Porém, o niilismo não pode ser vivido e pensado de maneira sistemática e deliberada, do contrário acabaríamos no manicômio. Para ser mais exato, ao contrário do ceticismo e do relativismo, o niilismo não é uma doença, é uma morte trágica, um suicídio. Boa parte de nós temos “momentos” de suicídio existencial típicos do niilista, entretanto, lembramos que temos contas para pagar no dia seguinte. Levantamos corajosamente para mais um dia de trabalho. Como bons céticos duvidamos das manchetes dos jornais no café da manhã e dizemos que o país não tem solução, que todo mundo em Brasília é corrupto, etc. Mesmo assim vamos trabalhar, duvidamos do Brasil mas não duvidamos de que haverá dinheiro (pouco é verdade) na nossa conta ao final do mês.
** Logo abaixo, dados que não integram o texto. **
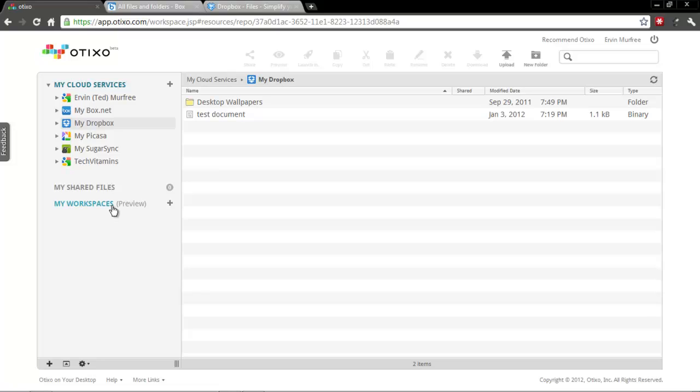So you'd make a marketing workspace and a management workspace, put all the corresponding documents and users there, and keep everything nice and organized that way.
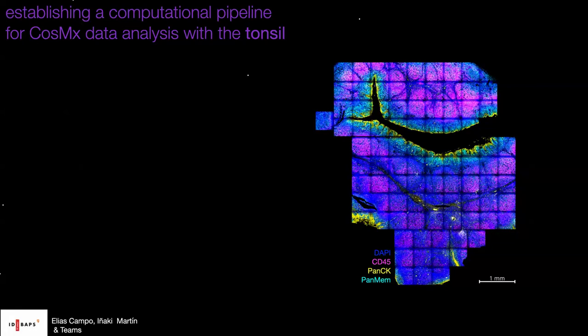At the CINAC we got the first CosMx instrument worldwide, so there was not much known about how to deal with this data or standards for processing it. We decided to start with a tissue that is very well characterized transcriptionally and microanatomically — a tissue with an epithelial layer visible in yellow and cyan, follicles in magenta, and interfollicular regions. It was a perfect case study to develop an analysis pipeline and see how far we could go with this technique.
Na hora do almoço vemos a notícia de que algum político foi preso e adotamos a moda intelectual do momento de achar que talvez, não é certeza, tudo depende e é relativo, mas com certeza a Lava-Jato é o maior patrimônio e esperança do país, afinal estamos conseguindo colocar os corruptos na cadeia. No final do dia ficamos sabendo que o Estado do Rio de Janeiro decretou estado de calamidade pública e precisará se servir de empréstimos públicos sem a aprovação da Assembleia Legislativa. No início do ano também desabou uma ponte que foi feita para as Olimpíadas. No mesmo RJ uma menina foi estuprada há semanas atrás por vários homens. É o fim do mundo, a vida não faz sentido, a existência é um absurdo, Deus está morto ou não vê o que acontece no mundo, desisto.
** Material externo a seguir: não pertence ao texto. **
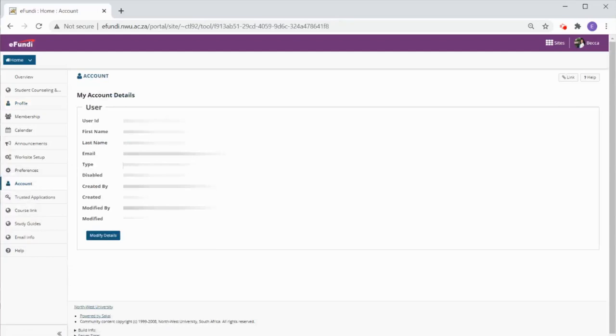It is really important that you check the email address you have here and that it is correct. eFundi will send all notifications and important messages to this email address.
É mais ou menos essa a rotina da vida intelectual do Homem no século XXI. Passa-se de um estado mental a outro quase que inconscientemente. Há algumas variações. Alguns ficam saltando do ceticismo para o relativismo e vice-versa. Outros do relativismo para o niilismo, ou deste para o ceticismo. Em todos os casos nunca se chega à solução alguma sobre as coisas. Passa-se de uma paranoia para outra, mas nunca se chega à Verdade sobre as coisas. Prefere-se negar a existência Dela, negar nossa capacidade de conhecê-La, ou desistir de pensar e de viver. Se quisermos ter algum futuro precisamos abandonar as desrazões do nosso tempo, as neuroses do ceticismo, do relativismo e do niilismo e buscarmos a Verdade.

[1] Este texto foi escrito há quatro anos atrás. Curiosamente o tema continua atual.